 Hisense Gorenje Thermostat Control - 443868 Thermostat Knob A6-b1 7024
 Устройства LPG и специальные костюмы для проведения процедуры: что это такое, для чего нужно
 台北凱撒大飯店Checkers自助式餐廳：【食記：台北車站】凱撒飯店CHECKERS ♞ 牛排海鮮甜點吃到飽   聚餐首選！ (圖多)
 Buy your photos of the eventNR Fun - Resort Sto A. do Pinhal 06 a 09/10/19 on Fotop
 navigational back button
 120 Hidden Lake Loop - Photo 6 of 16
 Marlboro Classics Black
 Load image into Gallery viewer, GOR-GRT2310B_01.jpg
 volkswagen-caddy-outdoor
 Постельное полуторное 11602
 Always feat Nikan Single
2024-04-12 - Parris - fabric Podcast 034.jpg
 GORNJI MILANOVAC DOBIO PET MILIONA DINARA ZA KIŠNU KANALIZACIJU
--
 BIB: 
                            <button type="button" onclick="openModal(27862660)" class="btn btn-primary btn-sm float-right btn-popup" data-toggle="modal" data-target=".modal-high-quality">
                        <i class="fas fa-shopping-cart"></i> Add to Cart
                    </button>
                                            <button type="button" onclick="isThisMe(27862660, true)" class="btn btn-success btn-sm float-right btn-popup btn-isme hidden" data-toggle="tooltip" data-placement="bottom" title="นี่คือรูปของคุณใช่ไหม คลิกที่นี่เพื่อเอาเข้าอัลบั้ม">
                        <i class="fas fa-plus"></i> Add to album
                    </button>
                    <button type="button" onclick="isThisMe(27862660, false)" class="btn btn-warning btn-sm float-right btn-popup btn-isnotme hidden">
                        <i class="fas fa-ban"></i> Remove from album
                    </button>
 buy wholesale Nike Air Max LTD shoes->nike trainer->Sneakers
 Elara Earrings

Exercise description
All lines above from the one containing "Постельное полуторное 11602" to the one containing "GORNJI MILANOVAC DOBIO" must be repeated exactly, both lines included, and no others.

Written response
 Постельное полуторное 11602
 Always feat Nikan Single
2024-04-12 - Parris - fabric Podcast 034.jpg
 GORNJI MILANOVAC DOBIO PET MILIONA DINARA ZA KIŠNU KANALIZACIJU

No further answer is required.